Parmi les anomalies qui se sont produites, une personne a notamment été exclue du programme. Cela a-t-il porté préjudice au statut ?

La vie de repenti est quelque chose de difficile à vivre. Il y a  donc forcément des difficultés qui surgissent au quotidien. La commission suit donc chaque programme et peut-être amenée, lorsqu'il y a non-respect des engagements pris au départ, à prendre des sanctions. Cela peut aller jusqu’à la sortie du programme. C’est-à-dire que l’on ne protège plus et on ne s’occupe plus de la personne. C’est arrivé à quelques reprises. Mais pour exclure quelqu’un d’un programme, c’est qu’il y a eu des manquements très graves, notamment soit parce que le collaborateur de justice ne respecte pas le protocole destiné à assurer sa sécurité, soit parce qu’elle met en danger les gens qui le protègent.

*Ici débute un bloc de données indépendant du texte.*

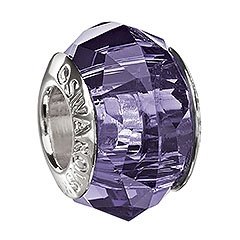 Violet Faceted Bead, L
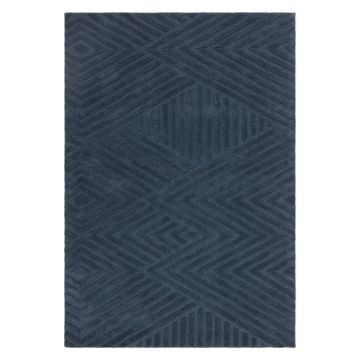 Covor albastru închis din lână 160x230 cm Hague – Asiatic Carpets la reducere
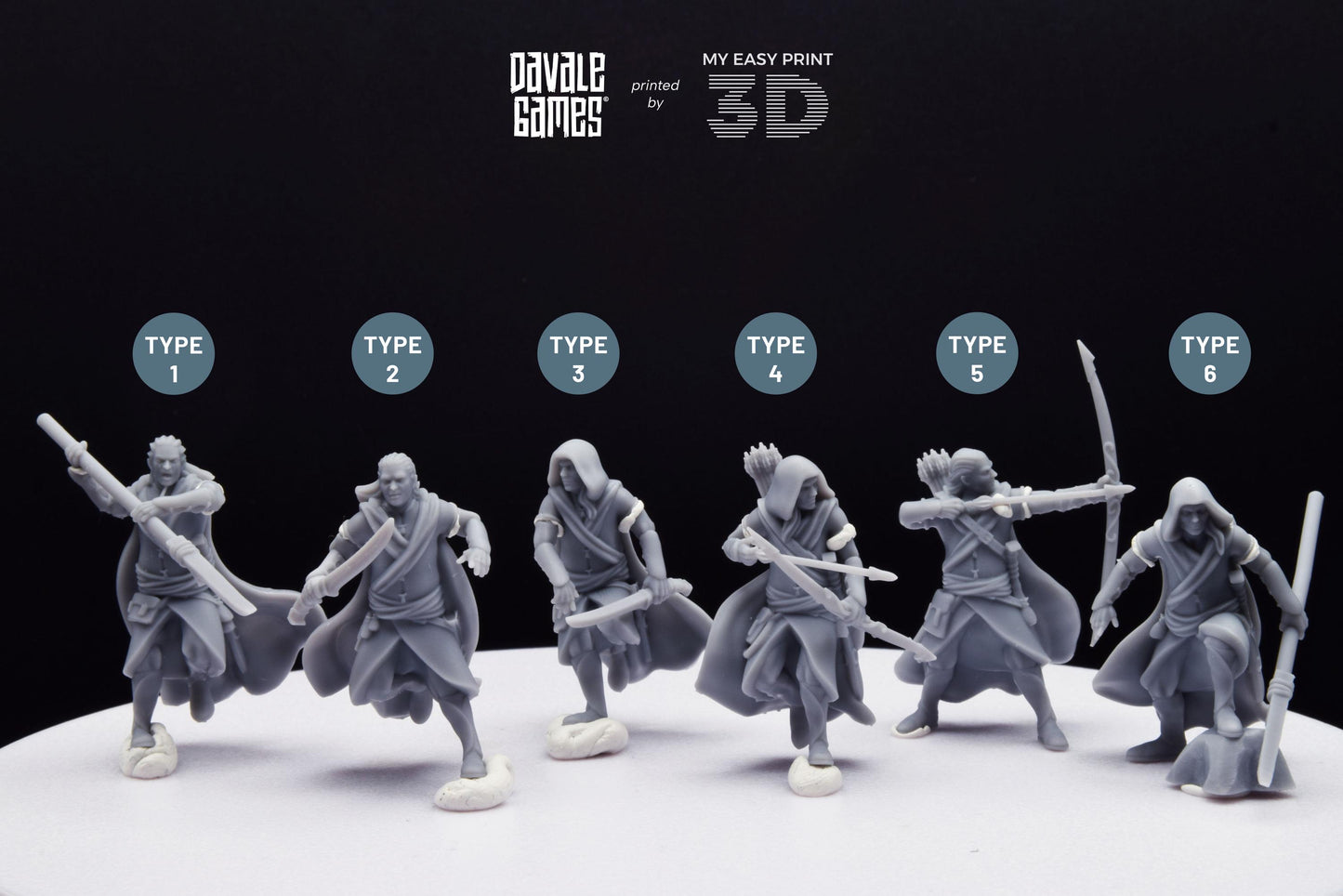 Wandering Bloody Elf - Davale Games - 3D Printed with high quality resin for LOTR/D&D games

Vous avez donc adressé un rapport aux ministres de la Justice et de l’Intérieur. Pensez-vous que l’obstacle principal à la promotion de ce statut soit l’inertie politique ?

Pendant mon mandat, j’ai pu observer ce péril lié à la montée en puissance d’une violence extrême et toujours sans limites qui repose sur la terreur et l’omertà et qui peut même s’apparenter à une emprise mafieuse dans certaines parties de nos territoires. Justement, parce que j’estime que le statut de repenti est un outil privilégié et extraordinairement efficace pour lutter contre ce type de criminalité, il faut absolument promouvoir ce dispositif. Mais il faut le rendre moins restrictif et plus attractif. Et tout ça ne peut pas se faire sans une volonté politique.

À titre personnel, j’ai trouvé les ministres de la justice et de l’Intérieur étonnamment silencieux depuis un certain nombre de mois. Il y a urgence à réagir et à se saisir de ce dossier pour réarmer notre pays afin d’être plus efficace dans la lutte contre cette criminalité organisée et ces dérives mafieuses très préoccupantes. Au-delà des ministres, le parlement serait légitime à se saisir de ce dossier puisque c’est lui qui a adopté ce dispositif il y a 20 ans. Il pourrait très bien vouloir en faire une évaluation politique approfondie et objective pour voir si, comme je le pense, il faut le faire évoluer.